In her darkest days, Jazmin tried to end her life but ultimately her courage prevailed and she battled through the blackness to create a life full of colour, connection and deep satisfaction.
Beaten, jailed, jilted but never defeated, Jazmin, 83, wants the world to know she made it 'over the rainbow'.
The story of this trailblazing transgender tarot card reader is one of courage and tenacity and it's being told as part of the Fearless Films series documenting five seniors who are challenging conventions, smashing stereotypes and making bold contributions to society.
"I was called a poofter, I was pushed off a moving train, I was beaten by police and thrown into a men's prison," says Jazmin of her late teens and early twenties when she began to explore who she was.

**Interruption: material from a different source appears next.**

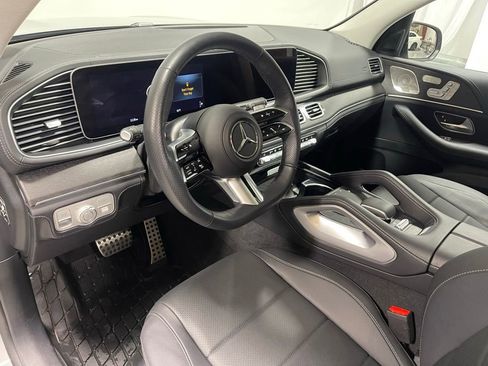Used 2026 Mercedes-Benz GLS 450 4MATIC image 21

"When I was 17 I was so desperate to be myself. I didn't know anything about makeup or things like that. I just bought some second-hand clothes and lived with a Queen Elizabeth scarf tied around my neck and a little lipstick.
"In those days it was illegal for men to have long hair and I was jailed for two weeks. Can you imagine it being illegal to be yourself?"

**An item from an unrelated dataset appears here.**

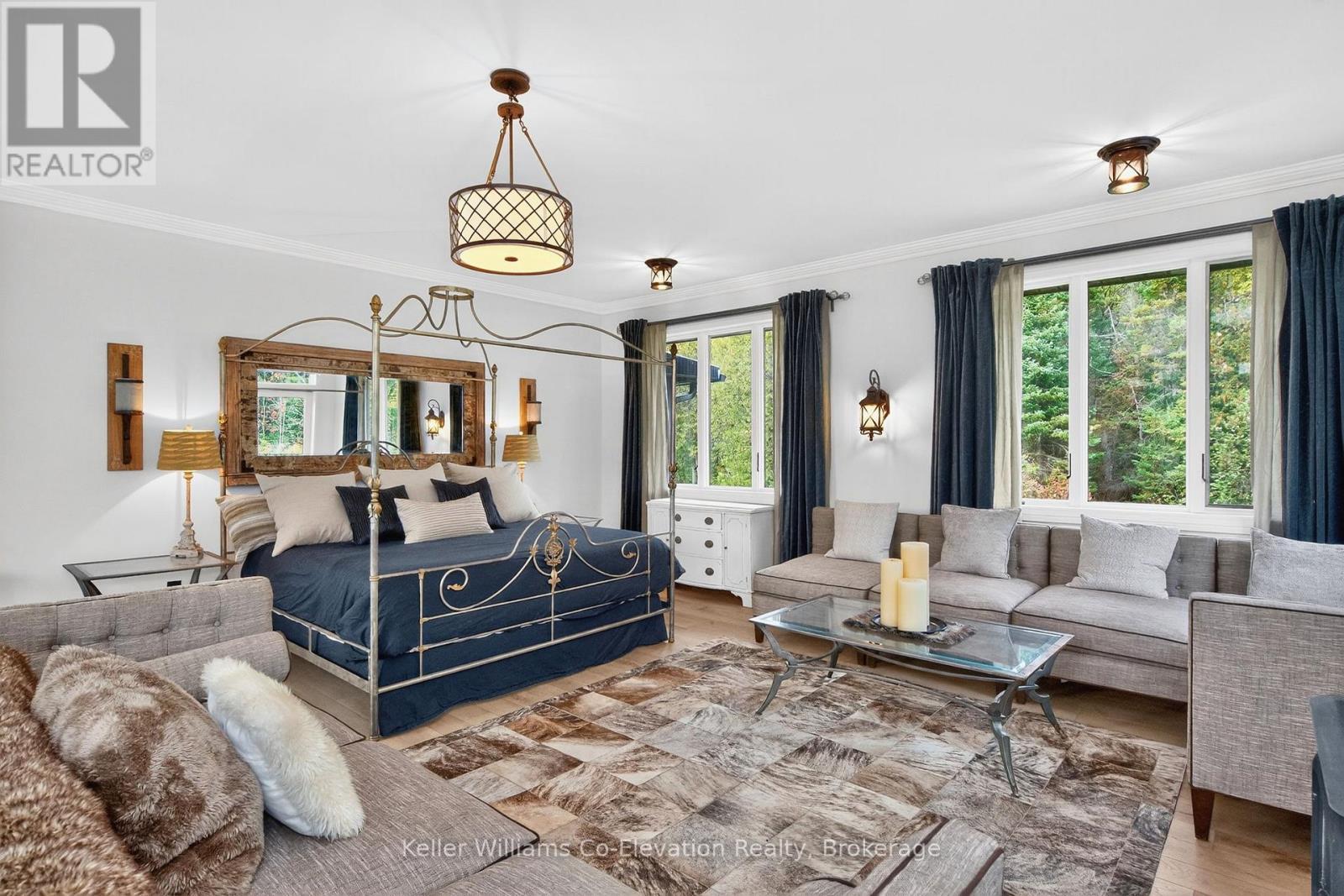 1076 Beaver Lane, Springwater, ON - Indoor Photo Showing Living Room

It's a question she asks filmmaker Nicole Sullivan who joined the Fearless Films project to connect with the older generation and highlight that 'age is just a number'.
Nicole said Jazmin's story was one of bravery and resilience and she hopes it will inspire others to engage with seniors, listen to their story and find out who they are.
"It's something so simple yet the outcome can be profound," she said. "The wisdom that someone like Jazmin can impart is scarce, and it's fleeting.
"We take it for granted and think that insights into the past and accounts of what life was like in bygone eras will always be around but that's only the case if we capture the stories and pass on the learnings.
"That's what makes the Fearless Films project so important. Yes, it's giving a voice to under-represented groups and it's breaking down stereotypes but it's also documenting lives, lessons and lore that may otherwise be lost."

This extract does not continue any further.